Roper Gates: Contingency plans for forage after fire, grasshoppers or hail
March 1 marks the beginning of meteorological spring. A glance out the window reminds us that winter is holding fast. Nonetheless, the growing season will arrive shortly and now is an appropriate time to project grazing plans for the upcoming year.
An inclusive plan will anticipate the possibility of shortages that might occur. Most are breathing a sigh of relief that widespread drought has moved out of the Northern Great Plains. However, there is always a risk of more localized “defoliation events” that complicate man’s “best laid plans.” Fall 2010 adult grasshopper surveys indicated that 2011 holds the risk of elevated grasshopper populations once again. Anticipating that probability and building contingency plans for grasshopper damage and considerations for control would be a wise addition to this year’s grazing plans. Another event that is impossible to predict is wildfire. Depending on the time of year and location, fires can eliminate vegetation from substantial areas. Again, including a contingency plan for grazing lost because of fire would be prudent.

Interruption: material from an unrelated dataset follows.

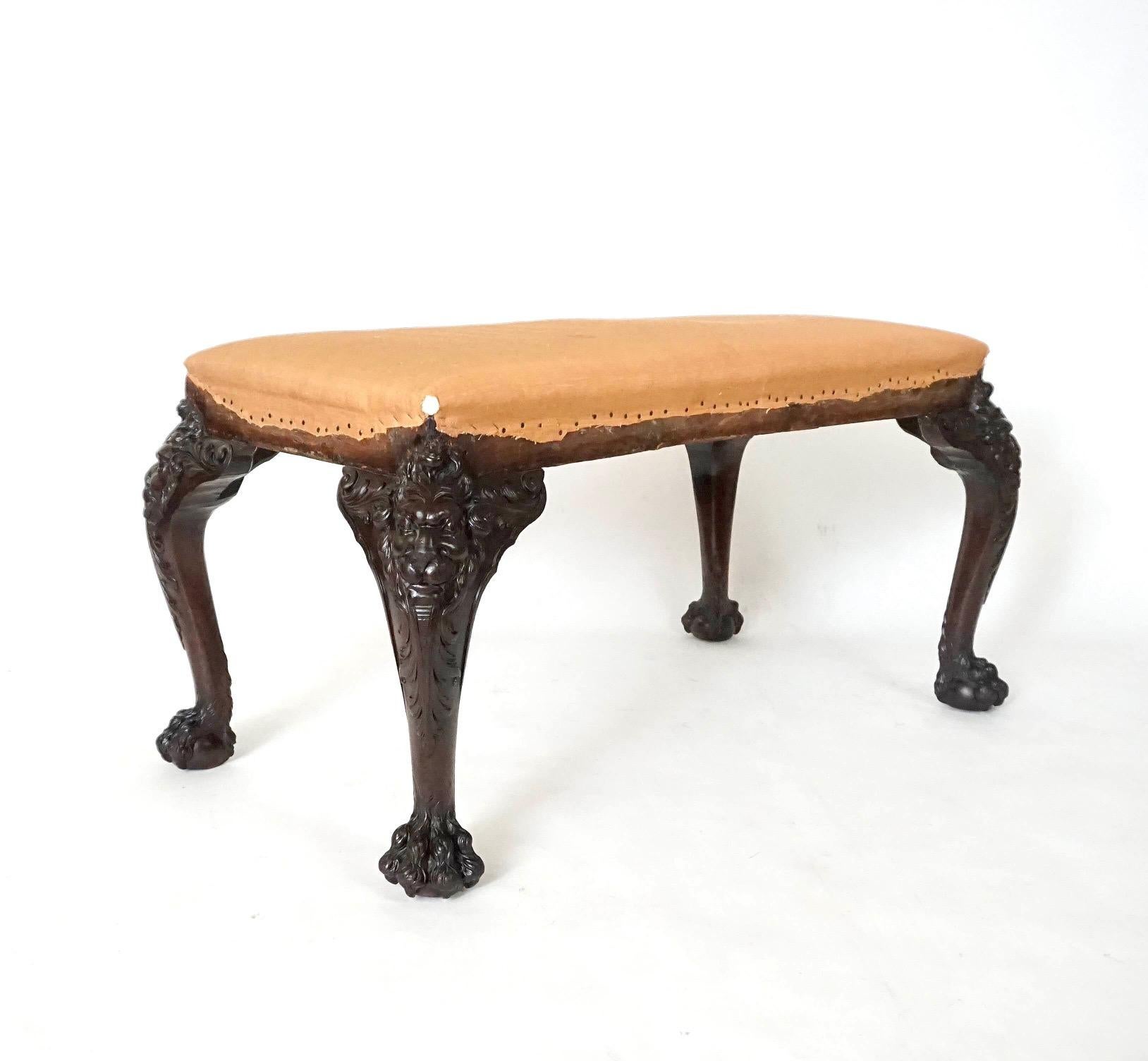 A circa 1890 English George II style long stool or bench commissioned by London dealer Henry Samuel having thickly carved cabriole legs in the manner of Daniel Bell and Thomas Moore with lion masks issuing acanthus leaves on hairy-paw feet. It is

Consideration of fire often includes questions about post-fire management. It is often suggested that grazing should be deferred, sometimes as much as an entire growing season, to allow vegetation to recover. Two recent research reports address the response of rangeland vegetation following fire.
Research conducted in northeast Colorado compared the response of shortgrass steppe vegetation when it was burned, grazed or ungrazed. Burns were conducted in March, before the start of the growing season. David Augustine and his co-authors reported that during the growing season immediately following the spring burn, production of vegetation, dominated by warm-season shortgrasses, was similar on burned and unburned sites. Vegetation sampled in late May actually had higher digestibility on burned sites, at least in part due to the removal of standing dead vegetation by the fire. During that first growing season, burned sites were either grazed or protected from grazing.
Vegetation production during the second growing season was similar on burned sites whether they had been grazed or remained ungrazed following the burn. Researchers concluded that, as long as stocking rates are moderate, vegetation dominated by warm-season shortgrasses did not seem to benefit from grazing deferment following the burn.
Another study, in Montana, examined the response of mixed grass vegetation to late summer fires. Summer fires may be most typical in the Northern Great Plains. Burns were conducted in August and repeated the second year. The post-burn growing season was described as dry following the first burn and wet following the second. Lance Vermeire and his fellow researchers found that in both situations, vegetation production and root biomass were not decreased during the growing season immediately following the fire.
Grass species responded differentially to the burn. Annual grasses were decreased. Warm-season perennial grasses were not affected by the burn. Perennial cool-season grasses, notably western wheatgrass, increased following the fire. While needleandthread decreased in the year immediately following burning, it recovered rapidly thereafter.
In both sets of experiments, responses to fire were neutral or positive. Montana researchers concluded that precipitation had a much greater influence on vegetation production than the occurrence of a fire. In indicting how well adapted native grassland species are to the occurrence of fire, they suggested that the exclusion of fire may represent a greater disturbance than occurrence of a summer fire.
Wildfires represent a major risk and can be devastating to life and property. Careful preparation to manage wildfire and protect property and livestock are essential to ranching in the Northern Great Plains.
While loss of vegetation can be substantial, adaptation of native species to the occurrence of fire means they will recover rapidly with reasonable growing conditions. A grass stand that is vigorous before a fire occurs should not require a full grazing season to recover.
In looking forward to the coming season, contingency plans for forage shortage resulting from fire, grasshoppers or hail should prepare you for “worst case” situations. Fortunately, research indicates that losses resulting from wildfire are relatively short term.